Tanto se multiplicaron que hasta llegaron a la ficción, de la mano de Gabriel (Darío Barassi) en la serie El encargado. Que este vigilador virtual pueda mantener una charla desde su puesto mientras mira decenas de cámaras es atractivo para la historia pero inviable en la vida real, a tal punto que la serie tuvo que sacarlo del tótem y hacerlo empleado de seguridad presencial.
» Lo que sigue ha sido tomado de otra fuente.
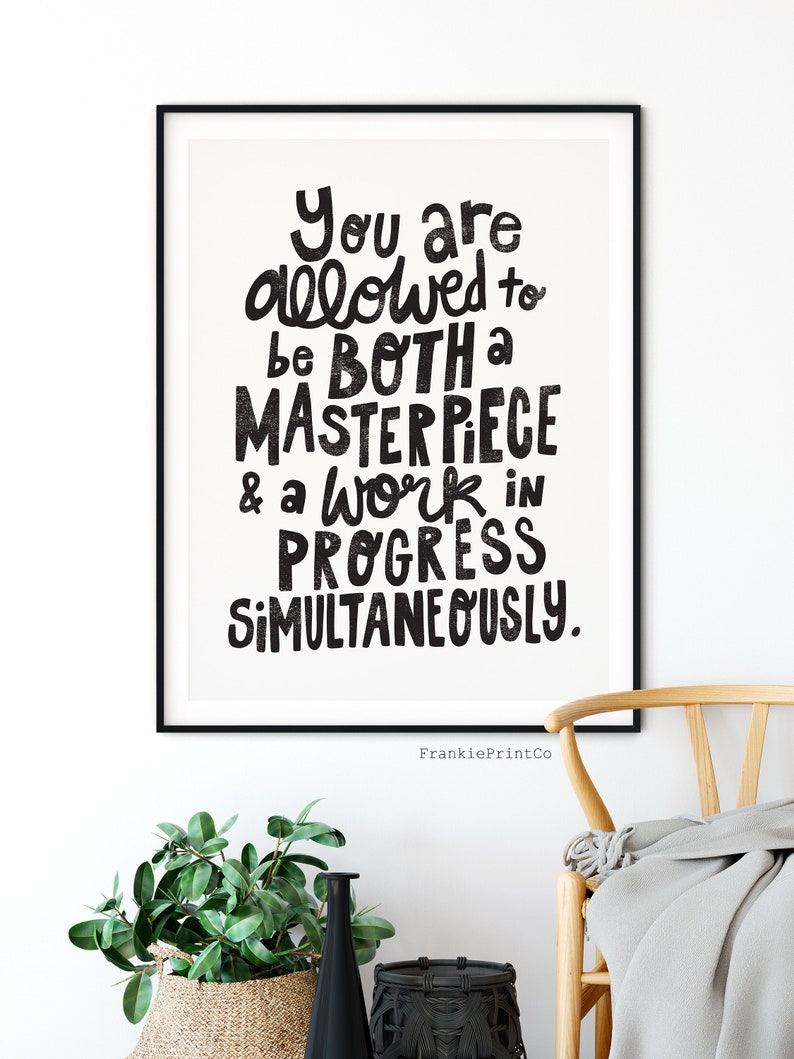 inspirational printable art black white self care quote etsy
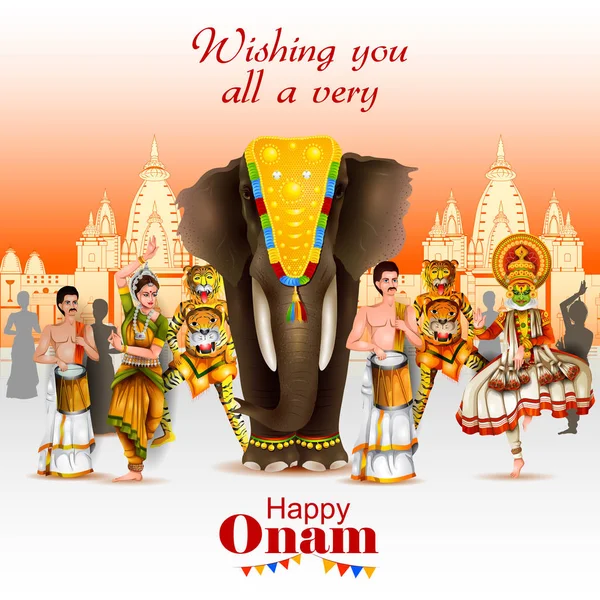 Happy Onam διακοπές για τη Νότια Ινδία φεστιβάλ φόντο — Διανυσματικό Αρχείο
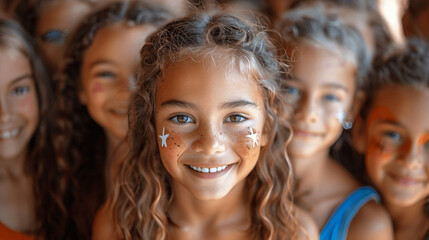 Obraz premium Happy Group of Children with Face Paint Enjoying Outdoor Summer Event - Fun and Friendship in a Lively Gathering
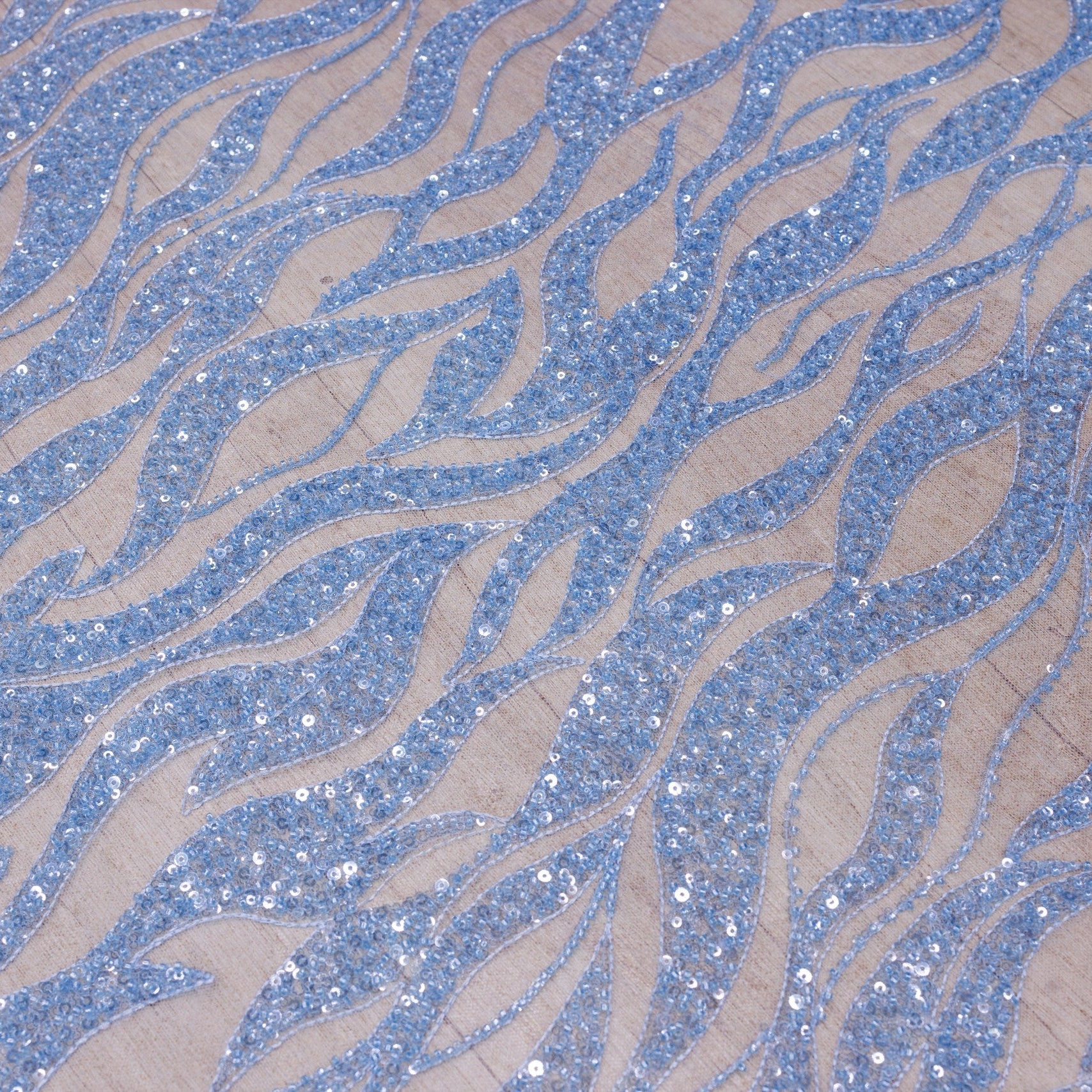 Broderie de lux B35 Bleu la metru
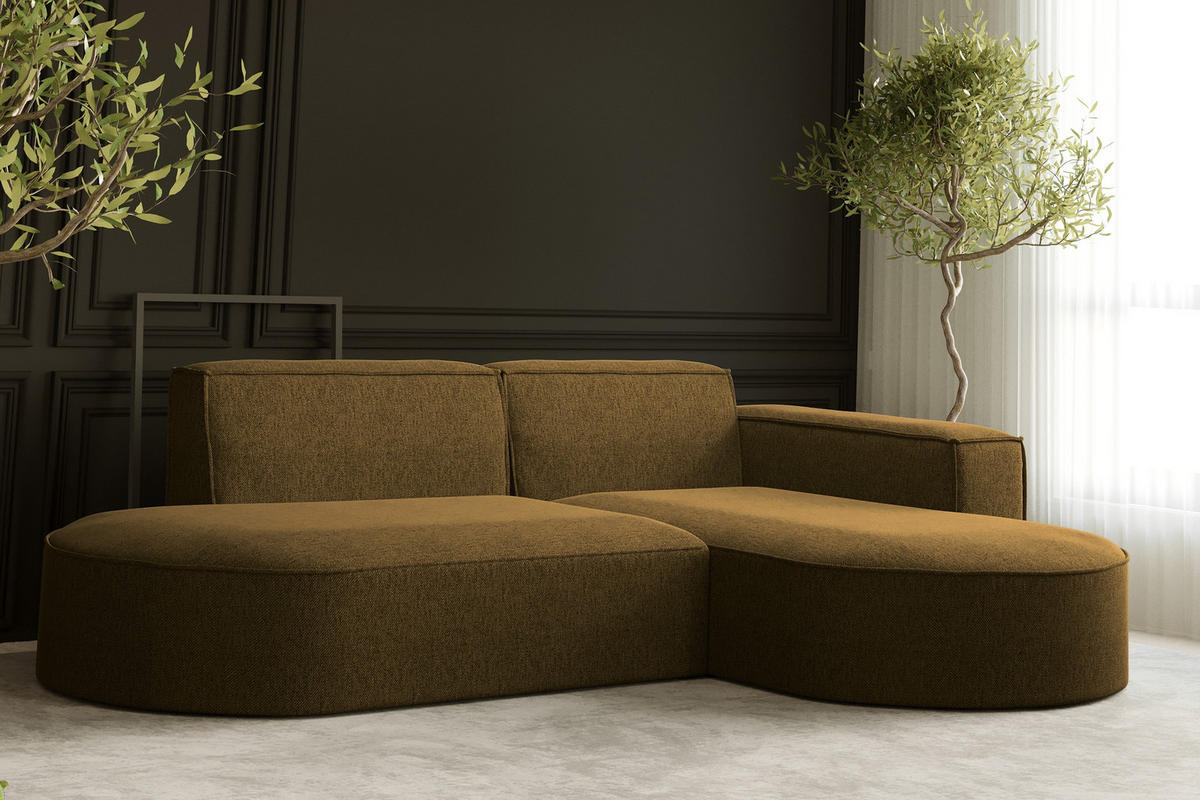ECKSOFA MODENA L STUDIO Stoff Verita Hellbraun Rechts - Hellbraun, Holz (236/165cm) - Kaiser Möbel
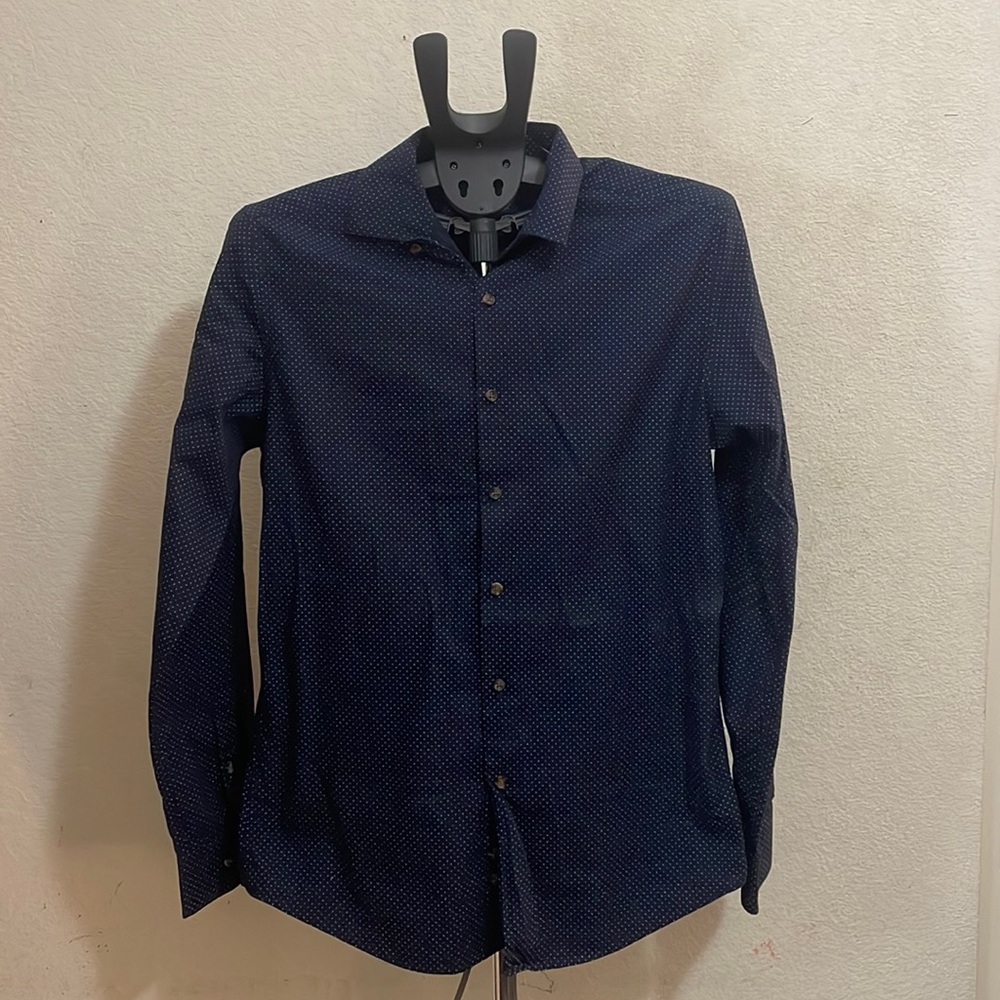 Bar III Slim Fit Navy Polka Dot Dress Shirt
Y, si de ficciones se trata, el siglo XX nos educó lo suficiente para saber que toda pantalla es simulacro. También el tótem de seguridad privada, aunque quienes venden el sistema quieran convencerme de lo contrario. Por un lado, un guardia virtual es más visto que lo que él puede ver: la luz que emite el dispositivo permite advertirlo desde la otra cuadra. Por el otro, desde su enjambre de pantallas se le complica identificar. Afortunadamente, el reconocimiento facial no está disponible excepto en los servicios más premium, y así y todo implica la difícil tarea de crear una base de datos con las caras de los vecinos.
Los ojos sin rostro
Más que los delincuentes o quien sea que un tótem vigile, los que se sienten más observados al final son los consorcistas, y ni siquiera por una persona en presencia, a la que conocen y con la que hablan todos los días. Quien los mira en general no conversa, su historia es desconocida, no se sabe si les dedica esa mirada, es hablar con alguien con anteojos de sol pero en clave futurista. Un nuevo rostro panóptico. Una erosión del anonimato. Un Gran Hermano obligado.
“Cuando entrás, le decís ‘hola’ pero a veces ni te mira o está hablando en mute con alguien. En un 80% de las veces yo saludaba y no tenía respuesta. Igual ya sabía que era una relación no aceptada”, dice un poco en broma y más en serio mi amigo Agustín, una de las primeras personas que me comentaron sobre este servicio, allá por la prepandemia.
Desde la empresa de seguridad Back Control, Marcelo Szelubski no edulcora la historia. Reconoce que “con los tótems los vecinos se sienten invadidos”: “Te ven si entrás o salís pero no sabés bien quiénes son porque los operadores van rotando. Aumentó la inseguridad pero a la vez se redujo la cantidad de guardias físicos”.
Más que “una mirada que protege”, como afirma uno de sus slogans, los tótems podrían ser otra forma de vigilancia líquida en términos de Zygmunt Bauman y David Lyon. Cuando la definieron en 2012, hablaron de cámaras en lugares públicos, escáneres humanos, chequeos biométricos, captura de datos personales que dan cuenta de hábitos. Bien podrían incluir ahora los tótems en edificios.
Al igual que esos sistemas, los guardias virtuales miran sin interactuar y registran sin contexto. Más que seguridad, hay despersonalización y aislamiento. Detrás de la pérdida de fuentes de trabajo, la más trágica de todas, se esconde otra también grave, que es la ausencia de contacto.